◆ TASK STATEMENT ◆
Down to the final line, write out the material beneath exactly, without pictures.

◆ RECORDED DATA ◆
====================

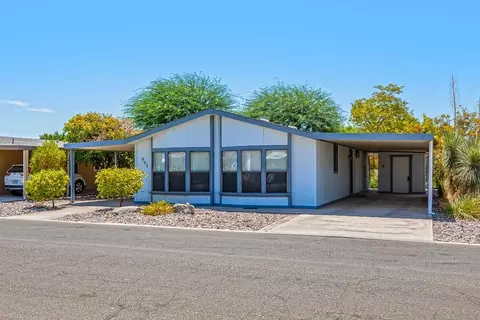 907 W Riverview Pl, Yuma, AZ 85365 photo 2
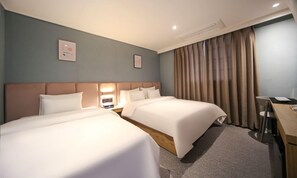 1 bedroom, desk, laptop workspace, blackout curtains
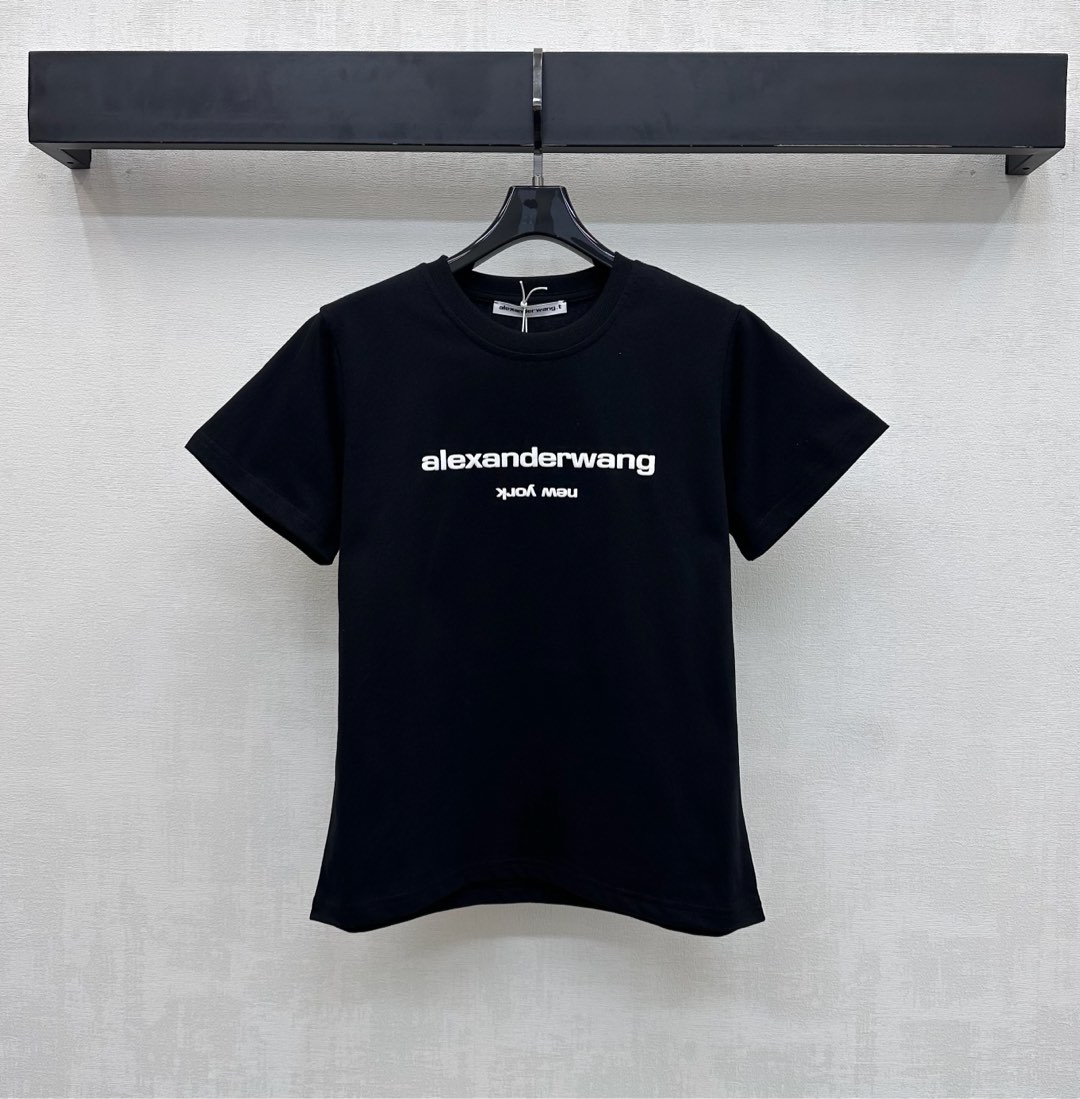 NO:693933,Alexander wan*2026 new products are on the shelves. Round neck short-sleeved logo customized YB imported cotton material. High-quality texture, comfortable and breathable. The collar edge is processed with threaded hemming details to match the smooth and neat overall line design. Add a sense of layering to the shape. The chest is decorated with iconic three-dimensional foam printed letter logo elements to highlight the brand tone. Surface accessories development. Slim-fitting round neck T-shirt tailoring. Unique fashion. Daily casual and relaxed charm. High version 4 colors, T-shirt, tees, t-shirt,19860909Alexander wan*2026新品上架圆领短袖徽标定制YB进口全棉材质 质感上乘 舒适透气 领边沿用螺纹包边细节处理 配合整体线条流畅利落版型设计 增添造型层次感 胸前点缀标志性立体泡沫印花字母徽标元素装饰 彰显品牌调性 面辅料开发 修身圆领T恤剪裁 独特时尚 日常休闲松弛魅力  高版本4色,,T-shirt,tees，t-shirt,,Women's clothing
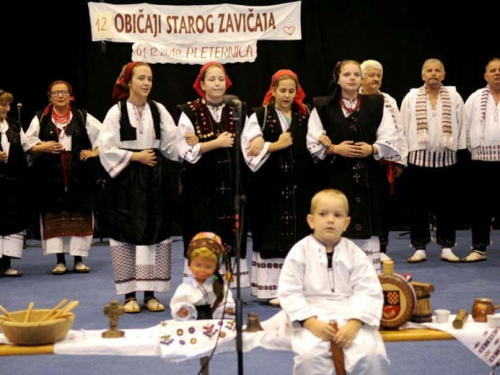 FOTO: Ramci na ''Običajima starog zavičaja'' okupili folkloraše iz tri države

====================

◆ ANSWER FOR THIS EXERCISE ◆
 907 W Riverview Pl, Yuma, AZ 85365 photo 2
 1 bedroom, desk, laptop workspace, blackout curtains
 NO:693933,Alexander wan*2026 new products are on the shelves. Round neck short-sleeved logo customized YB imported cotton material. High-quality texture, comfortable and breathable. The collar edge is processed with threaded hemming details to match the smooth and neat overall line design. Add a sense of layering to the shape. The chest is decorated with iconic three-dimensional foam printed letter logo elements to highlight the brand tone. Surface accessories development. Slim-fitting round neck T-shirt tailoring. Unique fashion. Daily casual and relaxed charm. High version 4 colors, T-shirt, tees, t-shirt,19860909Alexander wan*2026新品上架圆领短袖徽标定制YB进口全棉材质 质感上乘 舒适透气 领边沿用螺纹包边细节处理 配合整体线条流畅利落版型设计 增添造型层次感 胸前点缀标志性立体泡沫印花字母徽标元素装饰 彰显品牌调性 面辅料开发 修身圆领T恤剪裁 独特时尚 日常休闲松弛魅力  高版本4色,,T-shirt,tees，t-shirt,,Women's clothing
 FOTO: Ramci na ''Običajima starog zavičaja'' okupili folkloraše iz tri države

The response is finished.